It is very easy to lose sight of the real meaning of Christmas amidst the tinsel, glitter, food and drink, and yet the realities of that first Christmas are all around us today and we don’t have to look far to see them. Refugees in a strange land, homelessness, oppression, poverty, cold, hunger – all part of our world today.

It would be easy and simplistic to say that nothing has changed, but it has: Jesus embraced our human condition in its entirety: born a refugee under an occupying power, born homeless and in poverty, cold and hungry. In so doing he brought us hope. Christmas time is rightly a time of celebration but its also a time of giving. We give presents, we share with others, we give our time, our food, our money, our goods, to help those in need in today’s world.

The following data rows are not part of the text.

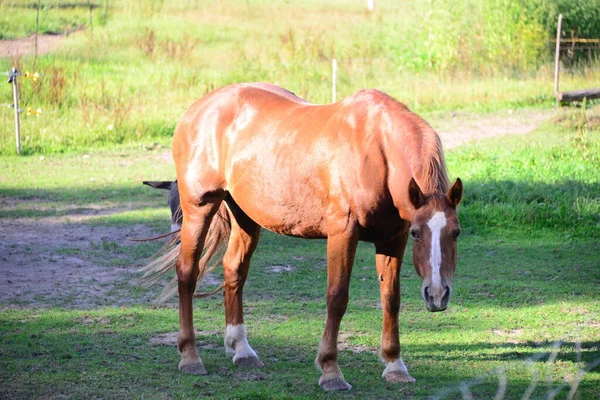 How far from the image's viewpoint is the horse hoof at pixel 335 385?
4.72 m

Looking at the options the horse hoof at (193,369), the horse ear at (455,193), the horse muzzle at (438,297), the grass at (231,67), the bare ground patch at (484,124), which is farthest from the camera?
the grass at (231,67)

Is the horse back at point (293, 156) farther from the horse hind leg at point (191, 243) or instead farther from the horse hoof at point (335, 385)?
the horse hoof at point (335, 385)

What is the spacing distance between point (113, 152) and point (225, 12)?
47.4 feet

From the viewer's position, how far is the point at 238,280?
5.57 m

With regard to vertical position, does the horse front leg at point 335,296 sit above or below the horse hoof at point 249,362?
above

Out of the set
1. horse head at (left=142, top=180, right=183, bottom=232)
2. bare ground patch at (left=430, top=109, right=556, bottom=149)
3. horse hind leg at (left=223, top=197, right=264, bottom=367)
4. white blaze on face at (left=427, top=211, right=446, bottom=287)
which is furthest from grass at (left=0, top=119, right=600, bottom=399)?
bare ground patch at (left=430, top=109, right=556, bottom=149)

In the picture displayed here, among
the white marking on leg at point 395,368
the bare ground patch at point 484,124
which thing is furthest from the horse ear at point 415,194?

We open our hearts to others and in so doing open them to God as we do in prayer when we celebrate Mass at Christmas. In remembering the birth of the Christ child we hear his cry for those in need, not least in the land of his birth. I visited the Holy Land recently and saw at first hand a suffering people, I will pray for and with them at Mass this Christmas and for all at home. In the darkest days of the year when we have a lot to worry about such as keeping warm, feeding our family, the effects of economic changes and Brexit, the true Light has come in our lives to give us real hope, not just wishful thinking. The Light of the world shows us the way out of the gloomy low point of the seasons to a brighter future ahead. It is our belief that the child born in the manger will guide us and support us, that makes all the festivities worthwhile. Let us make the song of the angels our own: ‘Glory to God in the highest heaven and on earth peace to people of goodwill.’